== Directions for this task ==
Copy the data exactly. Images are the one exception.

== Data below ==
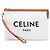 Céline Pochette Celine Brown Large Canvas Logo Marrone Beige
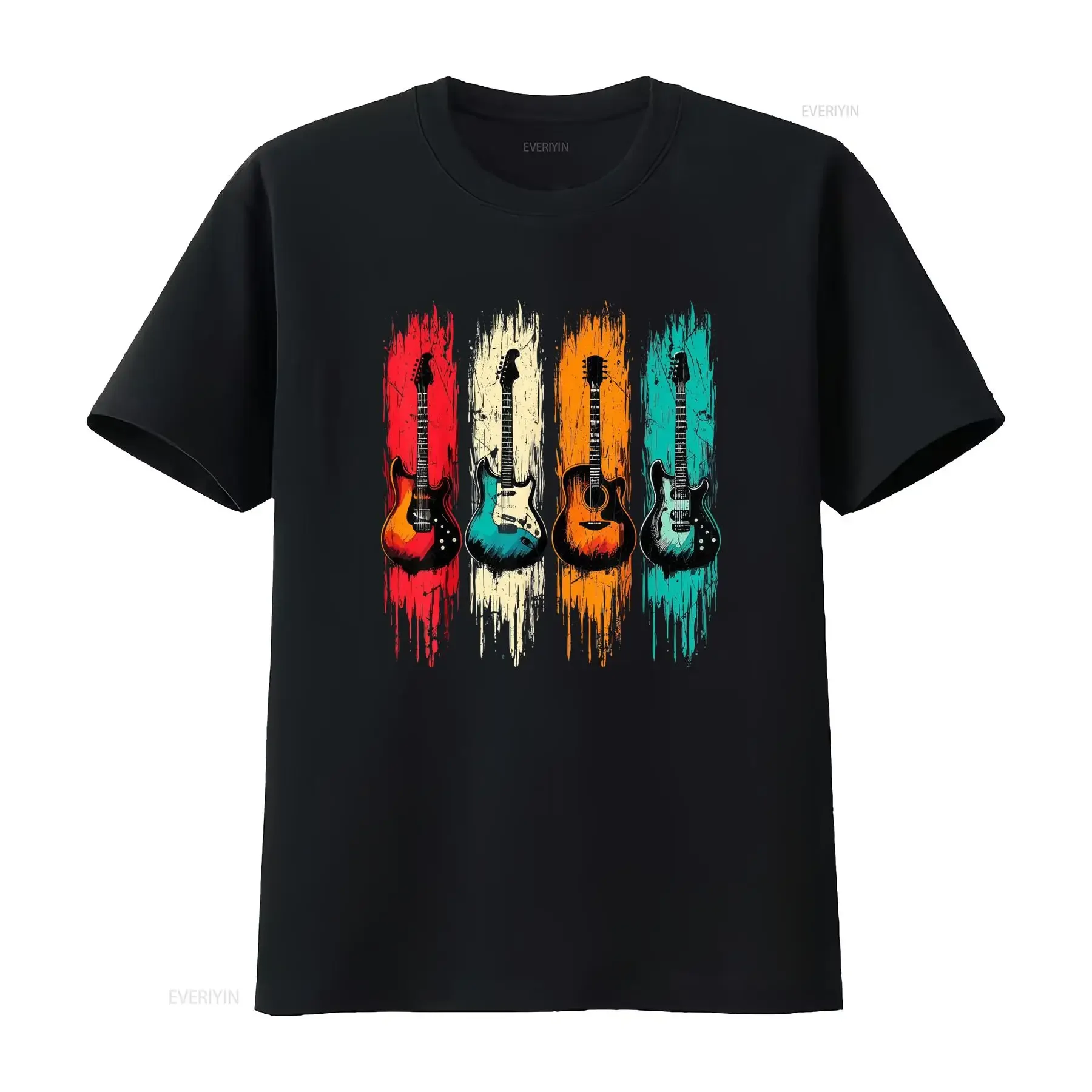 T shirt Chitarra Elettrica Vintage Pesante 180Gsm Stampa Rosso Arancione Turchese Stile Band Rock Classica Girocollo vintage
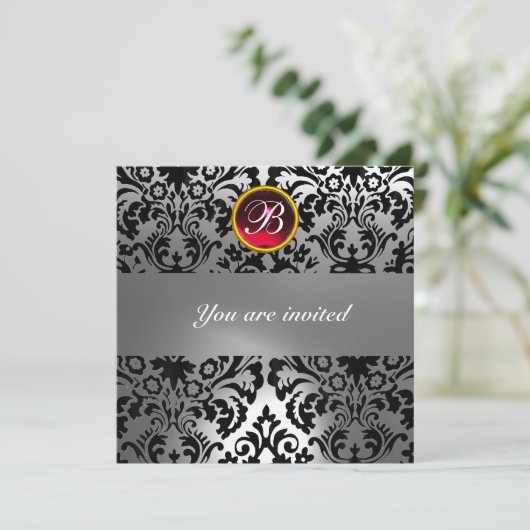 ZWART & WIT DAMAST GEM STONE MONOGRAM rode robijn Kaart (Staand voorkant)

== Answer box ==
 Céline Pochette Celine Brown Large Canvas Logo Marrone Beige
 T shirt Chitarra Elettrica Vintage Pesante 180Gsm Stampa Rosso Arancione Turchese Stile Band Rock Classica Girocollo vintage
 ZWART & WIT DAMAST GEM STONE MONOGRAM rode robijn Kaart (Staand voorkant)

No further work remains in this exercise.